Again, it is clear that Burnes delights in associating himself with that earlier "Sekundar"...Alexander the Great...seeking out relics, imagining he has located battlefields. He walks the valleys of the Sind and Sutej with a mental map of conquest, and of another self, already in his mind.

Which makes me think that this man's presence in later fiction extends past his being a character (and model) in the first Flashman book. Daniel Dravitt in Kipling's 'Man who would be King' again comes to imagine himself as 'Alexander Redux' in an unnamed city in Central Asia, till he too is destroyed like Burnes was, by feeling himself more at home than was justified.

But I'm anticipating events I'm going to deal with later. Getting ahead of myself.

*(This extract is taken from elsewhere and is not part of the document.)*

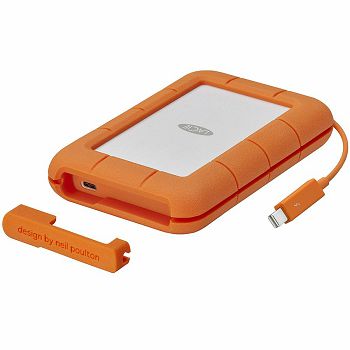 LaCie SSD External Rugged (2.5/500GB/ USB-C)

One of the disciplines and pleasures of reading archive correspondance is that it takes you to the past in the historic present tense. Someone writing a letter is only thinking of the moment. So let's rejoin Burnes at a moment in Cairo in March1835.

He's on his way back East after scoring spectacular success in a diplomatic mission to the Punjab and Afghanistan, and his onward travels into central Asia and the Persian Empire...had reported his success to his chiefs, and to a public eager for tales of travel and discovery...and is now writing a curiously "constructed" version of himself to the son of his publisher, the future John Murray III...Take a look at them at the top of this entry...and reproduced here.


In the John Murray Archive are two versions of the same letter...facsimilies. It has been copied, presumably by one of Murray's clerks, preserving even the upside down placing of the postscript at the top of the letter...it has been treasured then, marked out as special. The physical peculiarity of the letter as object has been highlighted and reproduced as somehow special. This colours the reading and quoting of its text...enriches its voice:

He describes the

"Pyramids of Egypt, which, as my favourite author Gibbon says 'still stand erect and unshaken above the floods of the Nile, after an hundred generations of the leaves of autumn have dropped into the grave'"

He continues: "I cannot believe myself so far distant from the salons of London, but the moment I reach Alexandria the line of demarkation was too apparent, the transition from civilisation to barbarism was instantaneous and we recieved before leaving the steamer the astounding information that 15,000 individuals had died of plague withion the last three months and that 1298 had perished on the previous day..."

He is letting us and the Murrays know that A) It's rough out here, and B) he's right at home.

He knowingly quotes Byron to a Murray...from the poem Childe Harold...exclaiming happily "New shores descried made every bosom gay" He talks, as Byron famously did of the Pillars of Hercules, Lisbon...the Kingdom of the Goths...of the world through the glass of books...

(It is extraordinary how everything I come accross in this archive seems to lead back to Byron by some route or other)

Knowingly, flatteringly, he goes on: "The Quarterly is lying before me and strangely enough I have been perusing the very article which treats of Mohammed Ali in that able essay regarding the encroachments of Russia...Cairo is in sight, the boatmen are singing a song of delight in the music(?) not such however as attended on Cleopatra in her galley nor enough to make charmed into a forgetfulness of all your many attentions to me..."

Both for it's charm and it's intrigue, I have to call this double version of himself en route to his last mission my First Treasure on my voyage of search of Alexander Burnes...

Coming next...another oriental treasure...a letter in Farsi, or Persian - a language of Afghanistan, to Burnes, written by the great Runjeet Singh, to whom Burnes was to deliver some Shire horses (horses of that size being unfamiliar in those parts) while conducting, rather more plausibly, an intelligence mission to secure British alliances with the Sikhs of Lahore, explore possibilities with the new Ruler of Afghanistan.

(or of Kabul anyway...no one person has EVER succeeded in ruling the whole territory, statehood or not)

the redoubtable Dost Mohammed...before proceeding to explore the Russian presence in their own backyard of Bokhara.

He didn't find any Russians there, not this first time...but that's to get ahead of myself again. I must stop doing that. He'll meet them soon enough.